BACKGROUND:ROSCOMMON COUNTY Hospital has been a hot political potato for decades. In 1989 the county elected its first hospital action candidate in Tom Foxe, and since then several hospital candidates have succeeded in local elections.
Even in the most recent general election, pledges to retain all services at the hospital, including its emergency department, were seen as essential by the politically savvy if they were to win votes. Minister for Health James Reilly made such a pledge.
He even wrote what might have been regarded as a cheeky letter to the HSE, in advance of polling day, saying it should not withdraw any service from the hospital until after the election because if he was re-elected and got the health ministry he wanted to review the changes which were proposed.
The result was that two Fine Gael TDs – Denis Naughten and Frank Feighan –- were elected in the Roscommon-South Leitrim three-seat constituency, as was the Independent Luke “Ming” Flanagan, who reportedly told a HSE official in recent days if he were in his position he “would get a rope and hang myself”.
Despite all the protests and the now broken promises, the writing has been on the wall for the Roscommon hospital for years.
It has a 24-hour emergency department seeing about 13,000 patients a year, which is significantly fewer than other hospitals with round-the-clock emergency services. Even Ennis hospital, which lost round-the-clock emergency services in 2009, dealt with more than 14,000 emergency presentations last year.
Patients attending the emergency department in Roscommon are usually treated by junior doctors. There is no full-time consultant in emergency medicine to supervise these doctors apart from a specialist who visits from Galway one day a week. While consultant surgeons and physicians in the hospital can also tend to patients in the emergency department this is not regarded as ideal.

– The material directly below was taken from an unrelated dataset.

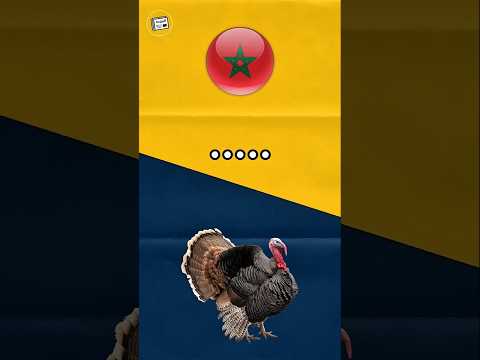 الديك الرومي في العالم 🤣🤣🤣#المغرب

As far back as 2003 the then locum consultant in emergency medicine who visited the unit from Galway on Wednesdays said the service would require a big commitment in funding and staffing to bring it to an acceptable standard. It didn’t happen.

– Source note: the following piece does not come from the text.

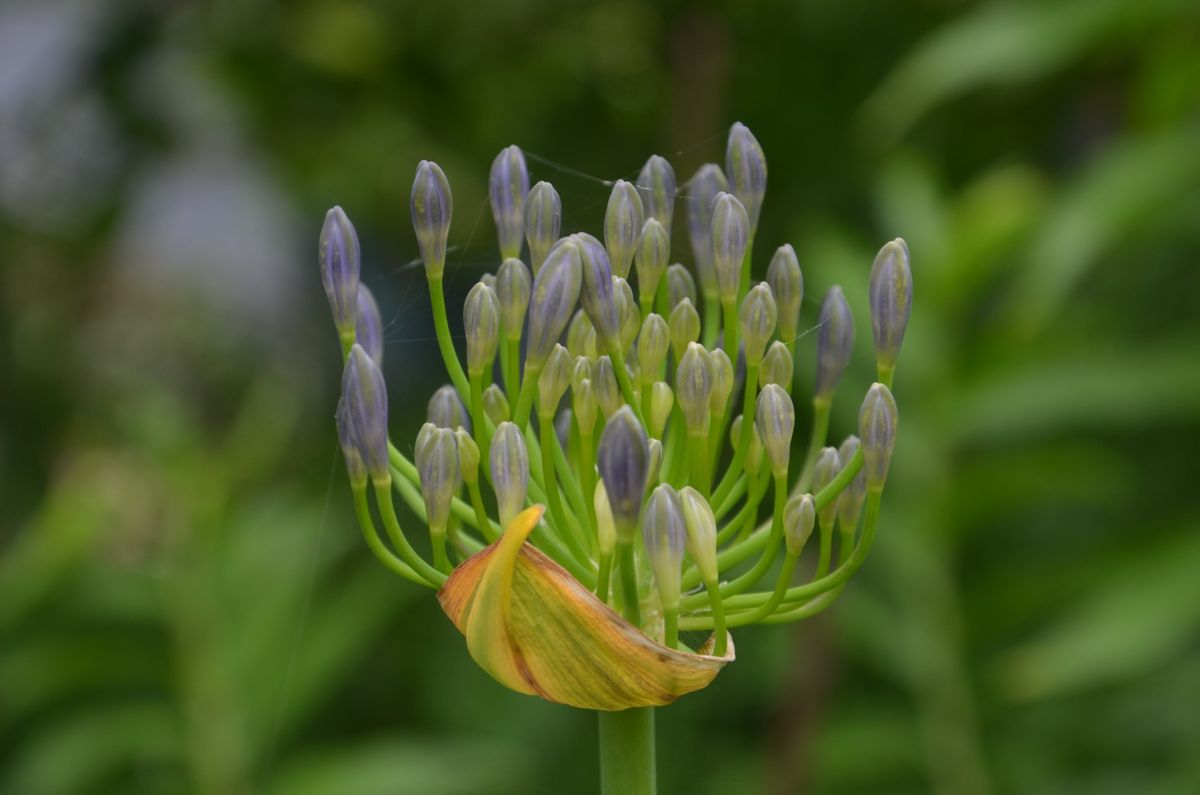 アジサイ「墨田の花火」と　アガパンサス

So regardless of whether the country has too many hospital emergency departments or not, Roscommon hospital has been caught in a bind. Without proper resourcing it could not meet standards acceptable to the Health Information and Quality Authority for a smaller hospital and without proper resourcing it cannot attract sufficient numbers of doctors. Like many other hospitals, it is short of junior doctors for July 11th, speeding up its demise.
Most people now accept their chances of a better outcome are increased if seen at a hospital which deals with large volumes of patients. The HSE has been saying this for years. Yet it has gone about preparing the ground for the closure of the emergency department at Roscommon hospital in a hurried and ham-fisted way. It has learned nothing from reconfiguration in the northeast but would do well to remember what happens those who fail to prepare.
It has also claimed for days no decision had been made on the emergency department’s future in Roscommon when this clearly was not the case. How can the public put its trust in the changes they now propose when they refuse to be upfront with the people?